BET - Measuring Areas using Molecules
Created | Updated Nov 4, 2002
Summary
BET comes from the initials Brunauer, Emmett and Teller1 Those guys invented a straight-forward method, and a complicated-looking accompanying theory, to determine the effective surface of solid materials with complicated shape, like porous powders, by using adsorbed gas molecules as rulers. The observation of the so-called adsorption and desorption isotherms is used to determine the amount of gas molecules adsorbed to a surface. Knowing the size of a molecule, one can then calculate the entire effective surface. In scientific literature one will commonly bump into the terms 'BET-isotherm' or 'BET-method' when this approach has been used.
OK, but... Why?
Why would one need a new way of measuring areas, if one can do that using primitive trigonometry and a pocket calculator? Simple areas, like the area of a tennis-court or the surface of a doughnut, are indeed relatively easy to determine using plain geometry (cf. Calculating the Volume and Surface Area of Various Solid Objects). More complicated surfaces, however, like the entire surface of a powder, or the entire surface of a grinding-stone, that is, the surface around every little bump it is made of, are a lot more difficult, if not impossible, to measure or calculate using geometry.

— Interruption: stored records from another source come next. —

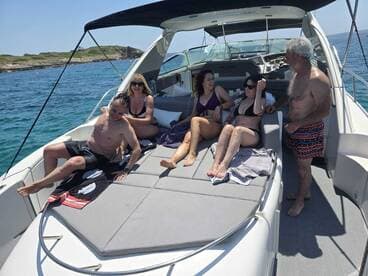 A lively group enjoys sunbathing on the deck of a yacht, capturing the essence of a perfect day on the water with friends.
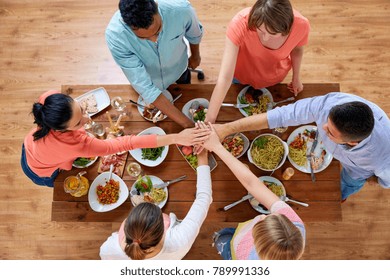 Eating And Leisure Concept - Group Of People Having Dinner And Holding Hands Together Over Table With Food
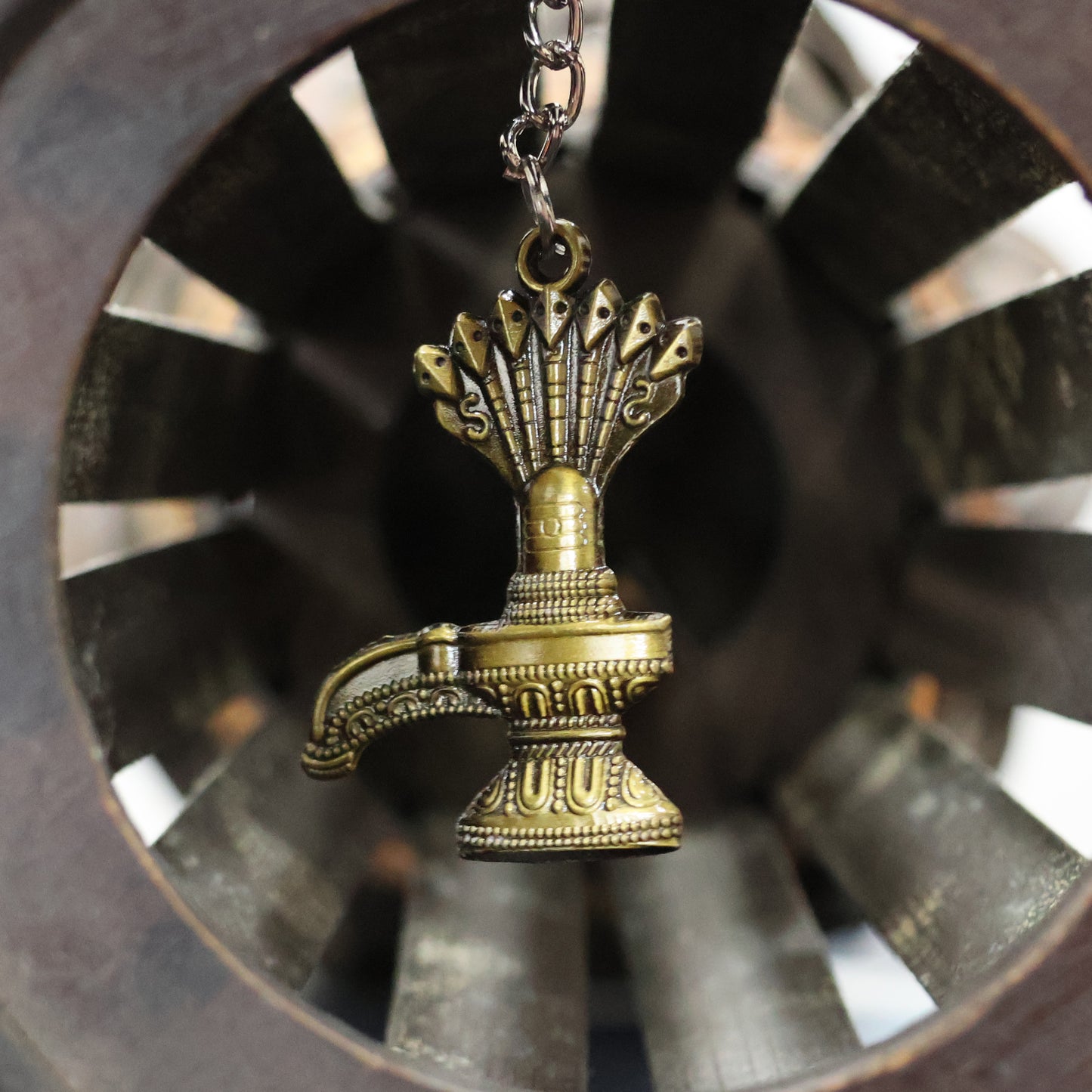 Antique Lord Shiva Shivaling metal keychain from Wukusy, featuring detailed Shivaling design on a small, decorative keychain.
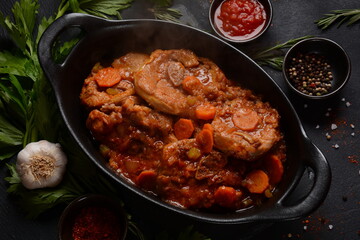 Ossobuco meat stew on the bone and vegetable sauce with carrots, tomatoes and celery in iron pan. Italian cuisine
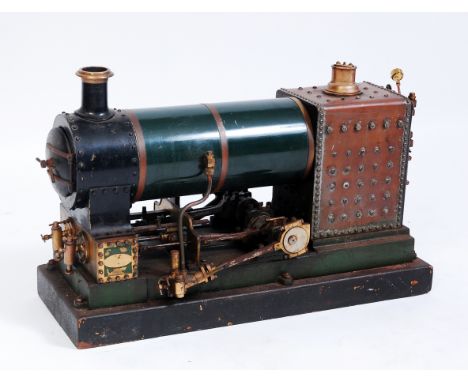 A well engineered model of a non compound twin simple cylinder undertype steam engine, possibly by Bassett Lowke and later ad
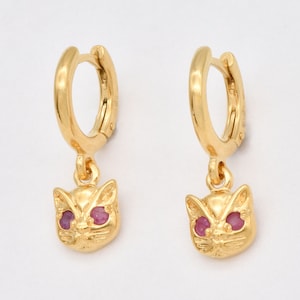 Puede incluir: Pendientes de aro de oro con un dije de gato colgante. El dije de gato tiene ojos de piedras preciosas rosas.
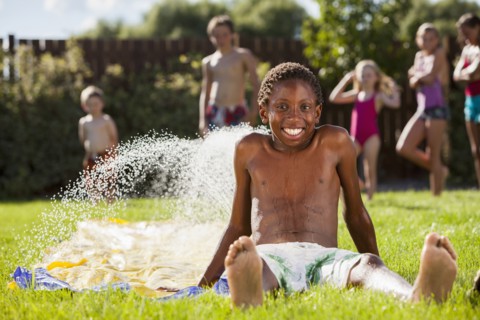 Black boy playing in water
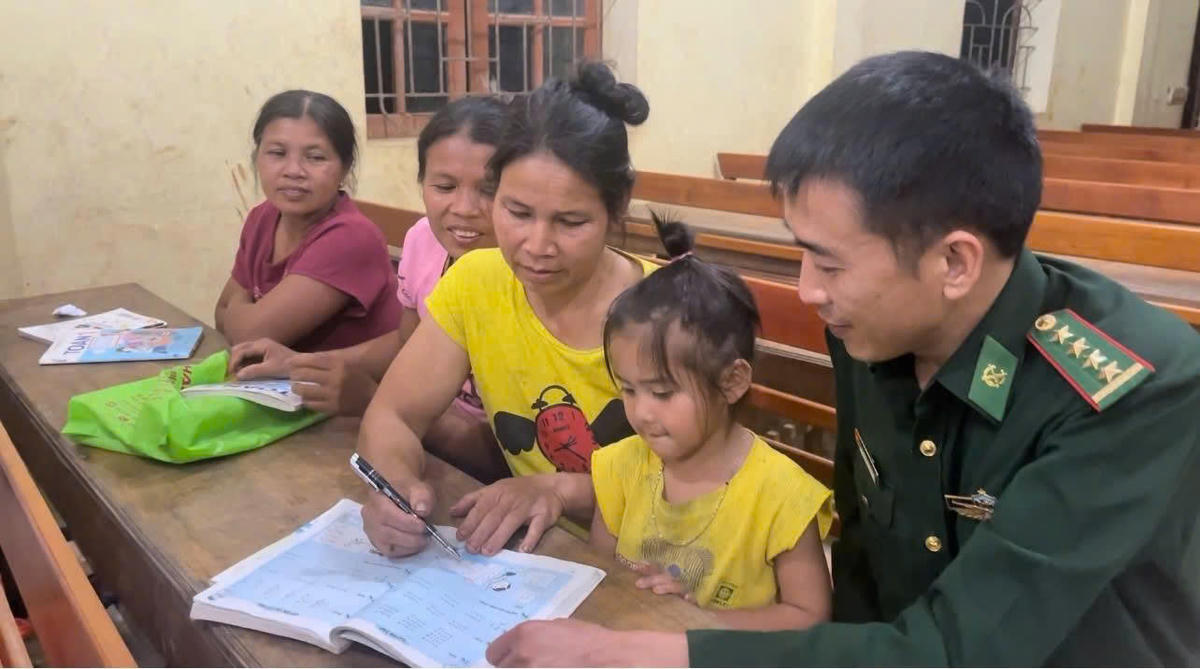 Đại úy Nguyễn Kim Trọng dạy chữ cho bà con trong bản. Ảnh: N.C.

An Analogy: The Area of a Tennis Court
Before delving into questionably important scientific abracadabra, it is worthwhile taking a look at the following analogy. It is intended for those readers that are not so familiar with scientific formalism. It will demonstrate how to determine the surface area of a tennis court covered with clay.
One could imagine a tennis court covered with a thin film of glue. Now, after unloading a truck of clay onto that surface and shaking it a bit the surface will be covered with clay corns. The excess of clay, namely the corns that are not glued to the surface, can be easily removed. The next step is to dissolve the glue, and pour the remaining clay, that is, the clay that was once glued to the surface, into a recipient. From the weight of one corn one can deduce how many corns are in the recipient altogether by weighing it. One should now carefully measure the width of one individual corn of clay, and calculate its effective area: that is, the area it will cover on the surface. Multiplying that number with the number of clay corns will yield the surface of the tennis court. If the tennis court is not perfect, that is, if it has tiny bumps, eg. along the demarcation lines, the surface will be slightly larger than the area calculated using traditional geometry. Replacing 'corns of clay' for 'gas molecules' and 'tennis-court surface' by 'solid material surface' will result in the mechanism used in the BET-Method.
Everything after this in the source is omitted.